How many times in your life have you said "you made me angry," "you made me sad" or even "you're making me very happy right now?" I tend to use this terminology pretty often although it's far from what I believe.
For the few years that I worked in the psychology field, I learned from countless interactions with pre-adolescents, that no one can make us feel any particular way. I used to talk with kids about how other people may do hurtful things, which lead to an emotion, and ultimately an action. But it is up to us to choose the emotion and choose the appropriate action. For kids bullying was almost always the issue. One child made another child angry by taking something from them, calling them a name, or talking behind their back. And inevitably the targeted child would be hurt, upset and angry. And while as an adult you can empathize and feel that the targeted child's feelings are justified, we have to use our ability to separate and compartmentalize to help the targeted child understand that they have a choice to make.
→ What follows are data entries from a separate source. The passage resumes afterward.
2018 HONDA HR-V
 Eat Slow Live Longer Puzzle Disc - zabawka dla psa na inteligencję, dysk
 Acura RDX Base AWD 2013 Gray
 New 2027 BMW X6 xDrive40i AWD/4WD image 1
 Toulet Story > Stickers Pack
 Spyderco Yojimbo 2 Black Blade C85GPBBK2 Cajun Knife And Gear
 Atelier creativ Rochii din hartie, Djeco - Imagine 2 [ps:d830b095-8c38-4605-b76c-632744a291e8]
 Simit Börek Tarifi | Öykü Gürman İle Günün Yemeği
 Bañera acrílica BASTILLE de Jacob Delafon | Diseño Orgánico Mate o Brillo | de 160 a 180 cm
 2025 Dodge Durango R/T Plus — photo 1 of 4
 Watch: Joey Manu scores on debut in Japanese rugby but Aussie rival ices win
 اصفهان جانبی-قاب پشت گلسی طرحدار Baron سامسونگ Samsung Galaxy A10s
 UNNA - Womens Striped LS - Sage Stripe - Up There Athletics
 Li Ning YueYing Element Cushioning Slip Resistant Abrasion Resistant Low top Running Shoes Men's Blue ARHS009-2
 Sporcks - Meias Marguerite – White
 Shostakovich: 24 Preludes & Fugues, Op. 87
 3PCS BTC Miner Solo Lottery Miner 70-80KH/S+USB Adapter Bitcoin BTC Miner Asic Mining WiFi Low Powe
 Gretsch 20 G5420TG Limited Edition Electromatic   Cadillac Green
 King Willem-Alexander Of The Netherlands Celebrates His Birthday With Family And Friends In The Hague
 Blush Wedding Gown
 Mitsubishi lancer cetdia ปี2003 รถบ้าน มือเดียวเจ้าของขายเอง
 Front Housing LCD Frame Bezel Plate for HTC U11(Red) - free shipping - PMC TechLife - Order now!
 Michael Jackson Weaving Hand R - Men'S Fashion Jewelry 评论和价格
They can a) be the target; let the bully see them cry, hurt the bully back in some way, or just wallow and be unhappy because of the incident or b) they can choose not to let what the bully does upset them to the point of self destruction and/or the destruction of others.
Now I'm not at all saying it's unacceptable to cry, scream, vent to a friend, talk to someone who will be understanding, etc. But there has to come a point where we move on right? Or else wouldn't we forever be a target?
I think any adult can relate to this. Recently I've been feeling sorry for myself and frankly, that is just the ugliest thing I can imagine. I let negativity from people all around me hurt me in many ways. Sometimes I find myself looking for negativity to justify my feelings of frustration and self pity! Bleh bleh bleh! But, as I write about it, I can see some perspective. It's like reverting back to a bullied child only there is no bully. I'll let a tone in my husband's voice make me cry, a negative comment from a client make me fume, I even let computer complications make me shake with anger. And honestly as I look at it now it all seems really crazy. But in the moment I'm lost in those emotions and forgetting that I have choice.
Well this morning I chose to write this blog in lieu of sitting on the couch and crying or being angry for the rest of the day. I'm choosing to use my emotions to help myself grow and maybe help some of you feel like someone else understands what you're going through. Don't let other people determine how you feel. If you're like my friend K, you may be helping people day in and day out. People with medical conditions, families of people with medical conditions, and doctors that rely on your every move. It's ok to have a hard day but those people should never determine your happiness. Simply, you have a choice.
If you're tired of feeling sorry for yourself like I am, take the reins today and do something about it. Be a strong person who has control of their emotions. If you need to cry and be sad, then own it and be sad. But not because anyone made you sad, just because you need to be for a little while! There's no shame in that. If you want to feel confident, then own it and do something for yourself because you deserve it. It's up to you.
The interesting thing about this seemingly simple concept, is it's not at all simple. Initially it's harder to take ownership of your own emotions and shy away from blaming others. It's really hard! Because when things ultimately get tough, who is there to blame but yourself? But on the flip side when things are gloriously perfect...then it's all you baby!
So...at 25 I'm still practicing that concept. I hope I'm not alone?
Have a confident day in whatever YOU are feeling.